The first goal of the Curiosity to Create Curriculum is to activate learners’ curiosity by challenging them to move from their comfort zone, which is familiar and safe, and into the curiosity zone, where they are intrinsically excited to find things out.
Using the momentum created by curiosity, our next goal is to teach students how us their innate creative thinking to achieve exciting results. In short, to use their curiosity to then create! In doing so, we provide students with the kinds of creative problem-skills that set them up for success in life and work.
Creativity as the highest level of human thought
In 2001, a notable change was made to an established, revered educational model known as Bloom’s Taxonomy. The word “create” now appears, and creating is presented as the most complex form of thinking--above remembering, understanding, applying, analyzing, and evaluating. In other words, creating is seen as the highest form of thinking and the most desired action for students (Anderson and Krathwohl, 2001).
Research has consistently shown that curiosity supports learning (Gruber et al, 2014). If learning is evident at every level of Bloom’s revised taxonomy, from remembering to creating, we conclude that curiosity is important to support all levels of thinking, including creativity.

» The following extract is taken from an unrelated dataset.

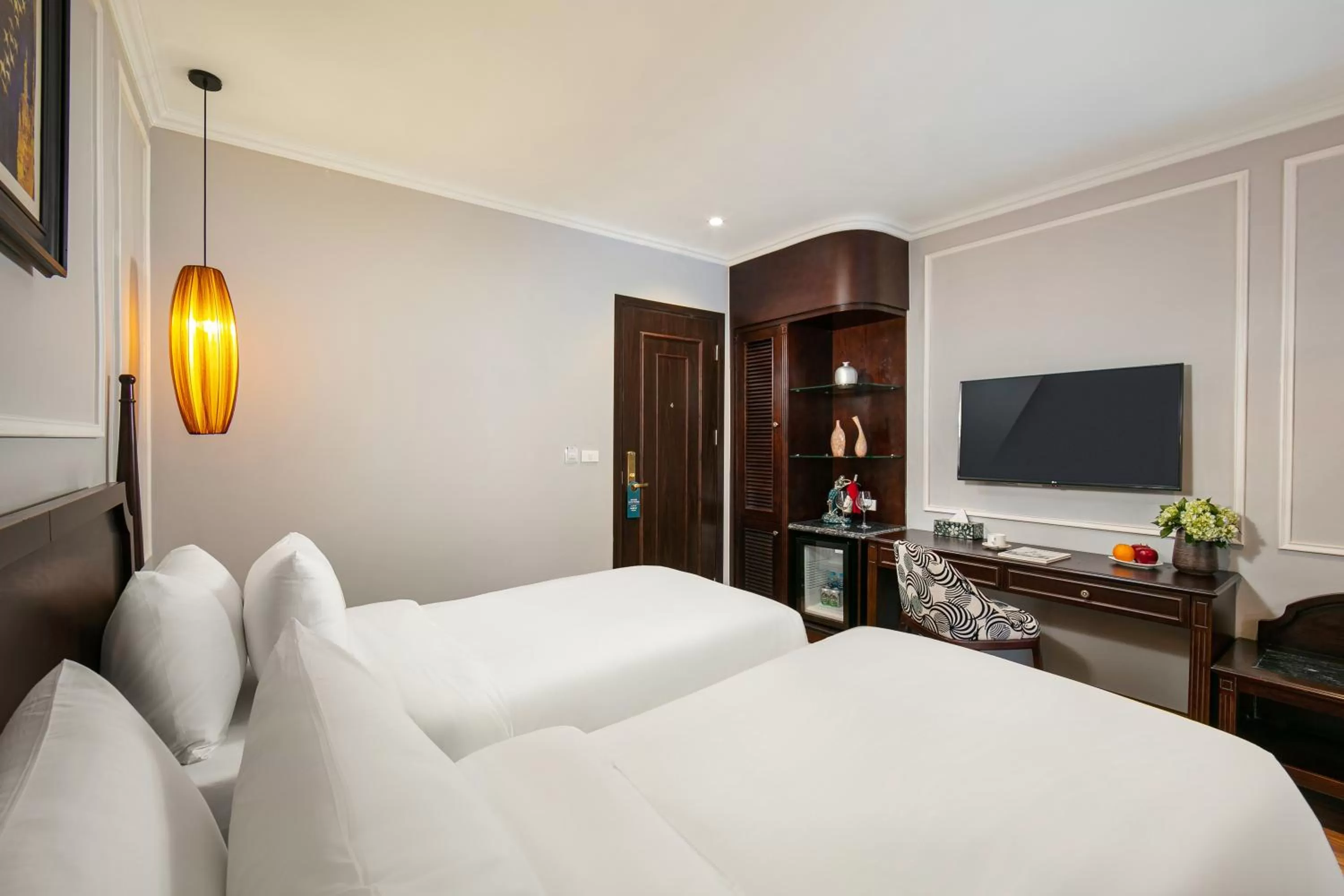Bed in Salute Premium Hotel & Spa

Breadth curiosity is about being interested in many things. Having wide interests means there will be more times when you are open to learning, you will have more background knowledge to help you with problem-solving and more bits of information in your head for making connections.

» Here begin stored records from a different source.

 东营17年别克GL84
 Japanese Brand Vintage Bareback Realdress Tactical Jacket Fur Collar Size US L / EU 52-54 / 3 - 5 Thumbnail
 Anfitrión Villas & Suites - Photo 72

Speaks of joy, which means students can drop their guard and enter into an activity without resistance.
Fun is connected to interest and intrinsic motivation, possibly the biggest factor in creativity (Amabile, 1989, 1996). When we like something, we want to do it, we want to do it well and we are motivated to learn whatever we need to continue having fun.

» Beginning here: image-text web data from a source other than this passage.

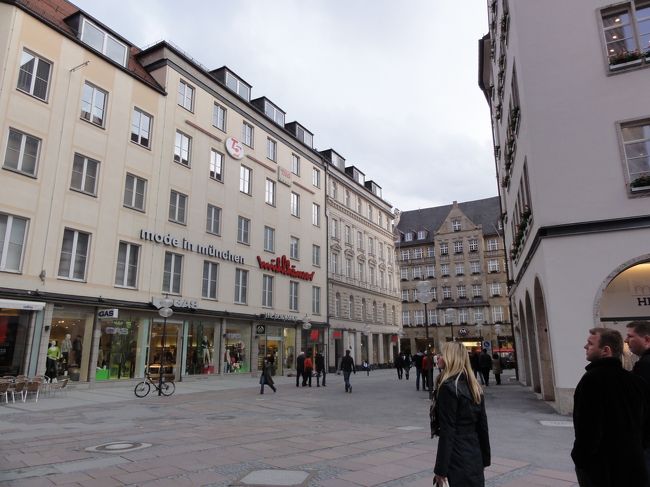 夜の７時過ぎですがまだまだ明るいですね。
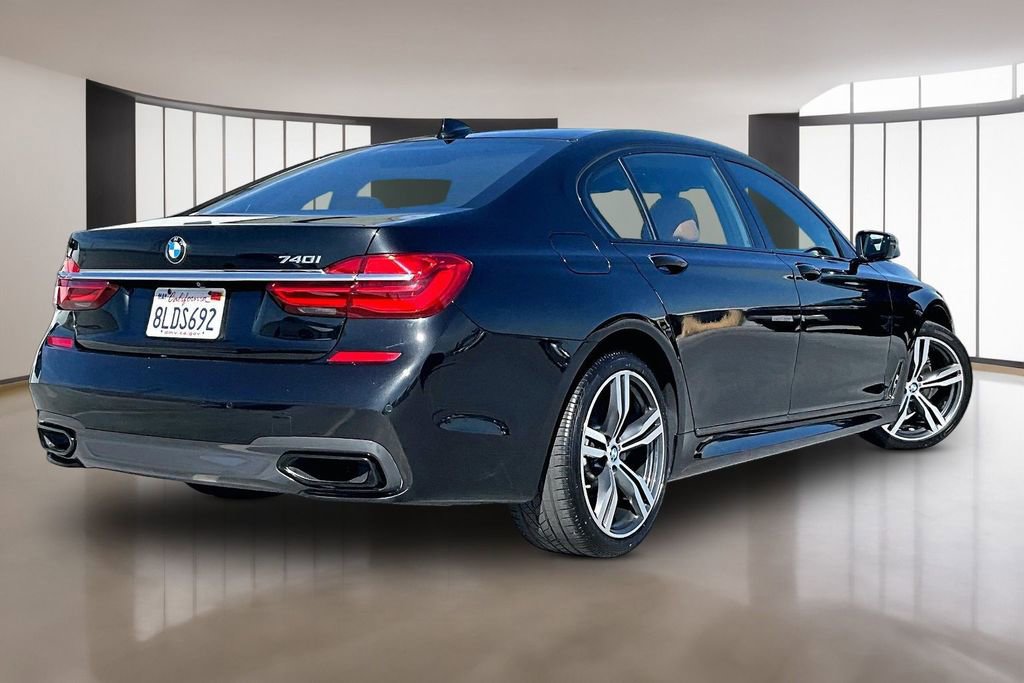 Used 2019 BMW 740i w/ M Sport Package image 6
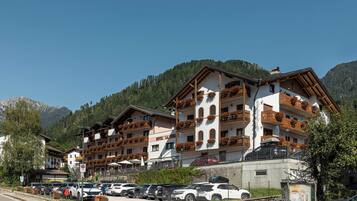 Un hôtel doté de nombreux balcons, d’un parking et situé dans un cadre montagneux.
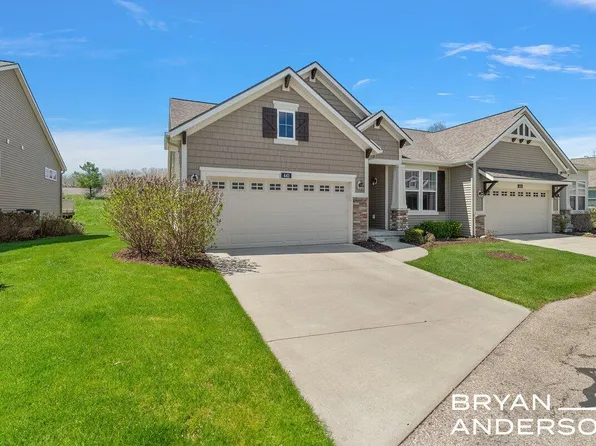 441 W Abbey Mill Dr SE, Ada, MI 49301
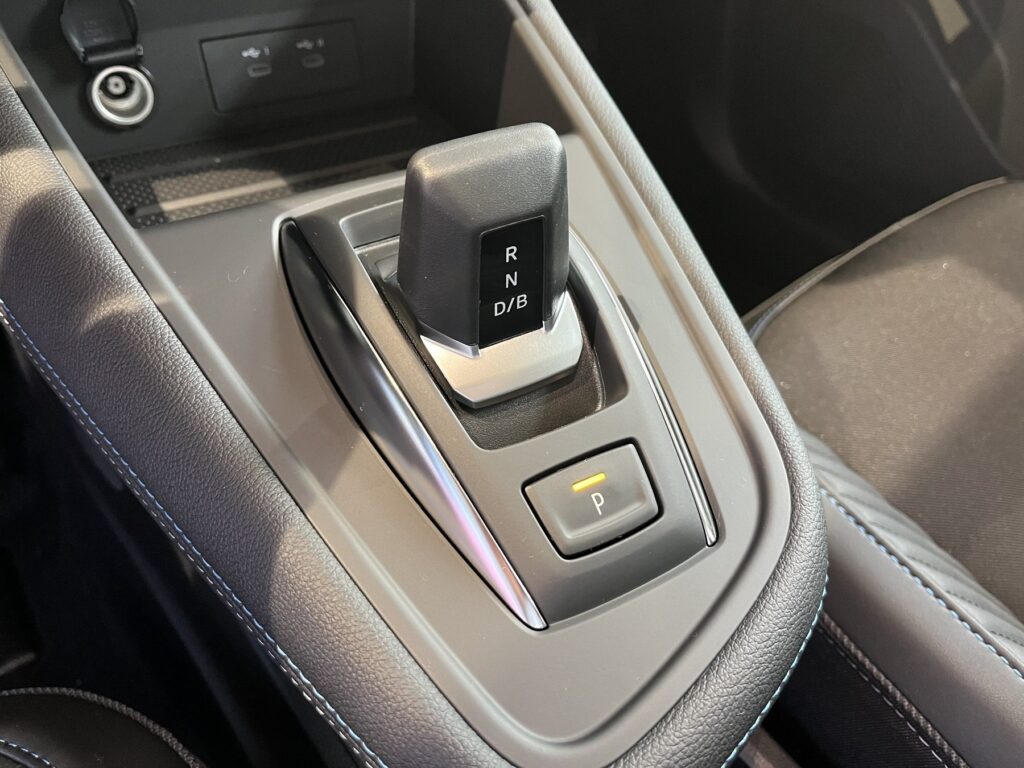 Renault Symbioz Exposé-Bild 37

This is where students are allowed to use their hands and their bodies to interact with spaces or materials. Students can engage with the lesson by moving their bodies (like moving from station to station), doing constructive things with their hands (assembling a robot), and essentially being allowed to use their sense of touch in addition to listening, speaking, and hearing--and sometimes smelling!
Experiential learning is related to this. We tend to remember and learn more when we are directly involved in the experience (Kolb, 1984).
No judgment zone
Openness to ideas, mistakes, and failure
For curiosity and creativity to thrive, the right environment must be in place (Fleith, 2000). By this, we mean there needs to be a psychologically safe environment (Rogers, 1962; Maslow, 1970), which is a learning space where participants feel safe to share what they are thinking, to ask questions, and openly wonder
Judgment Free Classroom
A no-judgment zone is an aspect of a psychologically safe environment. It is not helpful to judge ourselves or each other during certain stages of our development and learning. In this zone, it’s ok to try and fail, try something out that you’ve never done, or make a prediction--and be totally wrong (but maybe pleasantly surprised!?). In fact, you can make 1,000 mistakes and there are no negative repercussions. The important thing is to keep learning, thinking, trying, retrying.
Learning Through Play
Play and practice are intimately connected. Play allows someone to practice new skills in a safe space with low risk, where it’s possible to get things wrong and bounce back! (Isbell & Raines, 2007)
Making mistakes while playing games has no real repercussions yet what we learn can be applied to our real lives in a meaningful way.
Play is also one of the factors that influences divergent thinking. Many ideas can spring from brainstorming sessions that welcome humor! Since divergent thinking is an essential skill to our program, this is just one more reason to encourage a playful atmosphere.